Sunday, August 25, 2019

The Art of Racing in the Rain



If you look at this film from a cinematic perspective, you are unlikely to be impressed. It is well shot but there is nothing innovative here. The story is melodramatic, male weepy material, and the dog narrates. Those would be things that turn off serious film buffs but they are exactly the kinds of things that would sell this movie to a specific audience and make it work. Well, I'm that audience and guess what, on an emotional level it works. Movies where the dog is a featured character have been around forever and they usually are designed for one purpose, to wring as many tears out of a person as possible. Check that off the list, this movie brings the tears for dog lovers everywhere. From the opening scene, we know how the movie is going to end, and that includes not just the metaphorical puddle but a real one as well.

I've never seen "This is Us" the television series that features the star of this movie Milo Ventimiglia. He is apparently quite strong in that role since he has been Emmy nominated three years in a row, but this is my introduction to his work and he is fine. I don't know that there is much he can do with the role because he is basically a human punching bag with a side kick. The character of Denny Swift is an aspiring race car driver, who has opportunities snatched away from him and side roads in his life that turn into bad trips. All of that is tolerable because he has a dog with him to remind himself of the possibilities in life that he talks about regularly.

Amanda Seyfried has reached the stage in life where she has gone from playing the ingenue to playing the young mother.

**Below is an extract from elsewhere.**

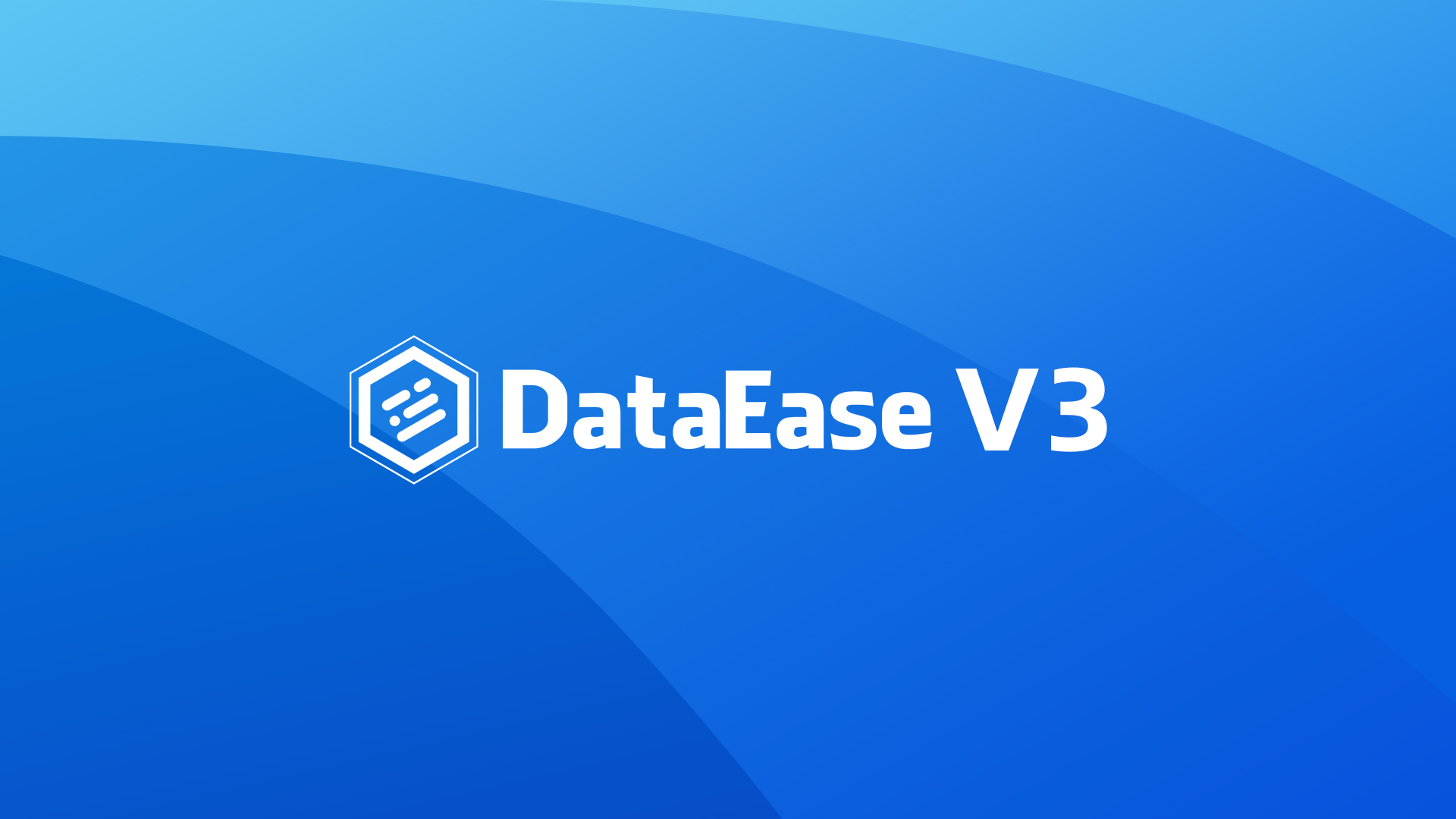 电子表格支持嵌入集成，支持GaussDB数据源与StarRocks计算引擎，DataEase开源BI工具v3.1.0版本发布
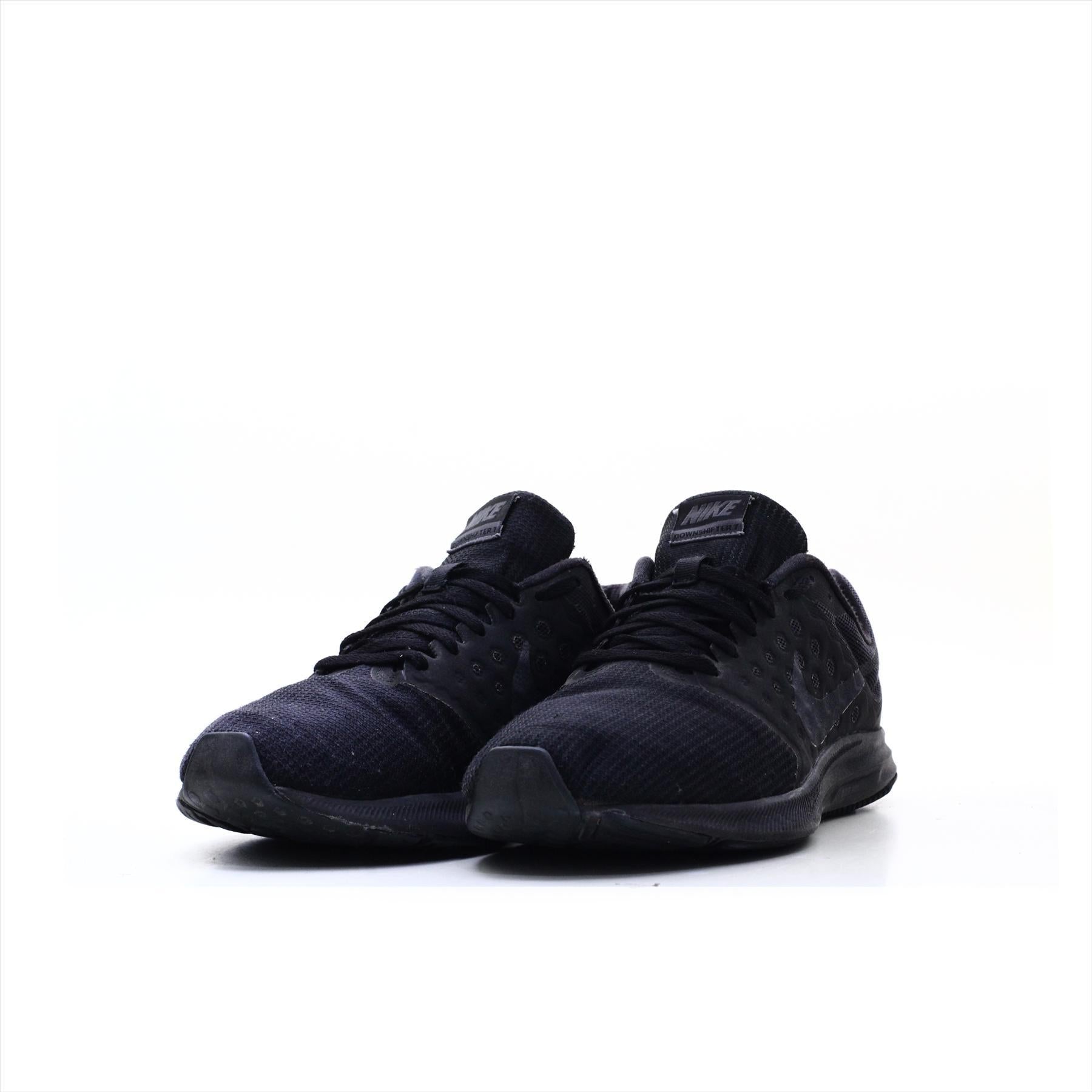 Nike Downshifter 7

Her romance with Denny is swift and their life together is beautiful, until it is time for more stuff to hit the fan, then she becomes another plot point in the story. Human characters elicit empathy in movies when we are engaged in their lives, so the events that overtake her don't have the same impact as the third major character in the film. That third character is the one we will have all the emotional connection to. That third character is the dog.

Enzo is the name of the dog. He is played by at least three different golden retrievers, as a pup, a young healthy dog and the older wiser pooch we meet at the beginning of the story and at the end. In the first five minutes, the conclusion is foreshadowed and we get an hour and a half to gird ourselves for the denouement. It's still not enough time. In addition to being the world's friendliest looking dog, Enzo has the gravelly and still slightly whiney voice of Kevin Costner. The actor never appears on screen but he is the star of this movie, telling us the story from the perspective of the dog. I hope he got paid well because he earns all the emotional beats for the film's narratives. Speaking of getting paid, I am looking in the mailbox for our residual check. Look at these pictures.


Our dog may very well have snuck off and filmed this movie while we were not looking. The number of times there was an expression on Enzo's face that I have seen on our own dog's face is too numerous to catalog. If you control for lighting, these dogs are the same and even have the same inner voice (dog owners know what I mean).


There is nothing subtle about where this is heading. The manipulative plot devise that involves a custody dispute aside, the dog's arc is the backbone of the story. Kathy Baker and Martin Donovan have the thankless roles of antagonists in the later part of the story and Gary Cole provides his usual welcome presence in i small part as a mentor of sorts to Denny.  The best acting however is done by the dog and everyone knows that this is his film and let him walk away with the movie on all four paws. Bring your tissues because you will weep if you are a person who loves a dog.